Dynamic complexity: things that change over time, involve feedback, delays, nonlinearities, multiple stakeholders → what system dynamics focuses on.
The 11 Steps
List variables – what can change over time (measurable ↑↓).
Reference modes – sketch expected/hoped/feared behaviors of key variables over time.
Problem statement – short, clear description of the issue (no solutions yet).
Dynamic hypothesis – draft causal loop/stock-flow diagrams that explain the behaviors.
Identify feedback loops (reinforcing = positive, balancing = negative).
Identify key stocks in the loops (e.g., population, resources).
Collect data for key stocks.
Simulate a first key stock (start small).
Add feedback for the first stock.
Quick analysis/validation – does model match reference modes?
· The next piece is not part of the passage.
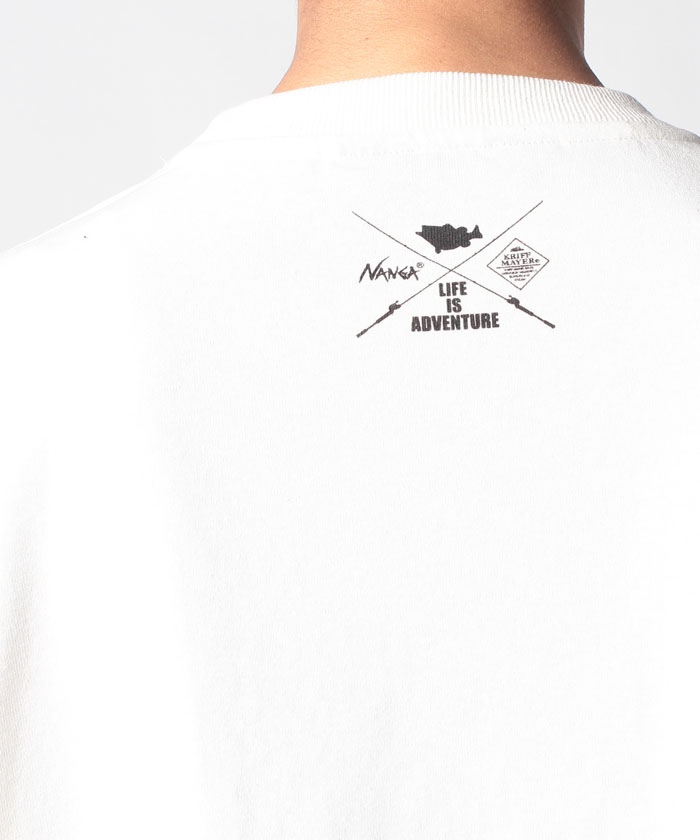 レア　NANGA KRIFF MAYER コラボ Tシャツ　ホワイト　Lサイズ クーポン】【セール 30%OFF】クリフ メイヤー KRIFF MAYER NANGA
Repeat steps 5–10 iteratively.
Key Ideas
Reference mode vs. real data: reference mode = your mental model (before looking at actual data).
Feedback examples:
Reinforcing → exponential growth (e.g., rhinos increase).
Balancing → goal-seeking (e.g., population levels off at carrying capacity).
Always build gradually, test constantly, and refine your mental model.
👉 Quiz tip: Be able to list the 11 steps in order and explain difference between reinforcing vs. balancing loops.
📘 Reading 2: Introduction to Systems and Systems Thinking
introduction-to-systems-and-sys…
What is a System?
A set of parts (elements/stocks) + their relationships → forms a whole with a function.
Must interact and depend on each other (vs. a “collection,” like spices on a rack).
Examples: body, climate, transportation.
Types of Systems
Simple: predictable, few parts (goldfish in a bowl).
Complicated: solvable, may require expertise, stable outcomes (computer, school schedules).
Complex Adaptive (CAS): many parts, nonlinear, feedback, unpredictable, self-organizing, adaptive (immune system, democracy).
Chaotic: no clear patterns (weak connections, randomness).
Systems Thinking (definition)
A set of skills for:
Identifying/understanding systems,
Predicting behaviors,
Finding leverage points to influence them.
Not about control, but about seeing connections, feedbacks, and trade-offs.
Core Concepts
Stocks: measurable parts (population, happiness, temp).
Flows: inputs/outputs that change stocks.
Feedback loops:
Balancing (negative): stabilizes system (thermostat, body temp).
Reinforcing (positive): amplifies change (interest in a bank account, vicious/virtuous cycles).
Boundaries: define what’s in/out of the system (important for framing).
Mental models: assumptions/worldviews that shape how we see systems.
Tools (common quiz material!)
Iceberg/Tree model: events → patterns → structures → mental models.
Causal loop diagrams: show variable relationships (+ or –).
Change-over-time graphs: trends/patterns.
Rich pictures: unstructured diagrams showing system complexity.
Scenario analysis: imagine different futures.
Leverage points (Meadows): 12 places to intervene in a system; deepest leverage = paradigms, goals, mindsets.
Key Systems Thinking Questions (Box 2):
What are the patterns/trends?
What feedbacks are at play?
What’s the boundary of the system?
Where can small shifts make a big difference?
What trade-offs/unintended consequences exist?
👉 Quiz tip: Be ready to compare simple/complicated/complex systems, define stocks, flows, feedback, and recall the iceberg model and leverage points.
✅ Quick Memory Hacks
Hines 11 Steps → “Variables Refer Problems Dynamically; Loops Stocks Data Simulate Add Validate Repeat.”
System types → “Simple goldfish, Complicated computer, Complex immune system, Chaotic mess.”
Feedback → Reinforce = runaway, Balance = stabilize.
Iceberg → Events → Patterns → Structures → Mental Models (tip vs. root cause).